As fire crews attend a massive blaze at a block of flats in north Kensington, residents who made it safely out of the inferno have spoken of their terrifying experiences.
Eyewitness Samira Lamrani told HuffPost UK of seeing a frantic mother throw her baby from the ninth floor of the Grenfell Tower into the arms of a man waiting below.
She said: “There were screeches and somebody was gesturing that there was a lady at the window and as I looked up a lady was frantically gesturing and screaming, with her hands, from her body language, that she was about to throw the baby and she wrapped her baby in what seemed like a sheet or blanket and threw the young baby out of the window.
“A member of the public, a guy ran forward and just miraculously grabbed the baby at the right moment and then the shadow, I assume of the mother, went backwards and that was the last we saw.
“I’m not sure what the guy did with the baby but the baby was picked up safely.”
Another resident, named Zara, said she saw a woman throw her toddler son, aged around five-years-old, from a fifth or sixth floor window.
She told LBC radio: “One woman actually threw her son out of the window.

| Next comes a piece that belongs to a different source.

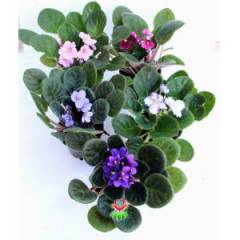 Menekşe Çiçeği, Viola Flowers - 5 Renk Seçeneği- 10,5 cm Saksıda-Saint paula inova spectra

I think he’s OK. I think he might just have had some broken bones and bruises.”
She added: “There was a another woman screaming ‘my baby, my baby, I need to get out, I need to save my baby.’
“But we were just looking up. We couldn’t do anything. There was nothing we could do.”
There have also been reports of residents using bedsheets as makeshift ropes to lower themselves from the burning building.
Mickey told the BBC: “I’ve opened the door.. and there’s neighbours all running down the stairs, there’s firemen going ‘get out the house’, I ran back in, I’ve grabbed the little girl, put her under my dressing gown because that’s all I had on, got my girlfriend up, ran outside and then looked up and it was ablaze, it was just an absolute nightmare, it was like something out of a horror movie.”
He added that kind-hearted neighbours had brought him clothes and flip-flops to wear.
Another man told Channel 4 reporter Assed Baig he had heard the fire engines and walked into the hallway to see if the lifts were still moving, noticing smoke.
He continued: “I looked down the window from the 17th floor and I see the fire blazing and coming up really fast because of the cladding. The cladding was flammable and it just caught up like a match stick.
“I have an old auntie in her late 60s and so from the 17th floor we started, I woke her up and we started to come down the stairs, step by step, slowly by slowly.
“There was already smoke in the stairwell and it was difficult for her, you know she is an old woman. Eventually, when we were nearly down the bottom the smoke was getting stronger, you know, you’re scared, you don’t know if you can get out but then I saw a fireman come up so I knew there must be a way out so we kept going down. We came down… and came out of the building, one side of the building was now on fire, as in the cladding caught fire and spread straight up the building.
“But we got out. We lost everything. Everything. I got only what I’m wearing and my phone. That’s it.”
Six deaths have been confirmed and at least 74 people have been taken to five hospitals for treatment. Hundreds of residents in the 24-storey building were evacuated from their flats after the fire began just after 1.15am.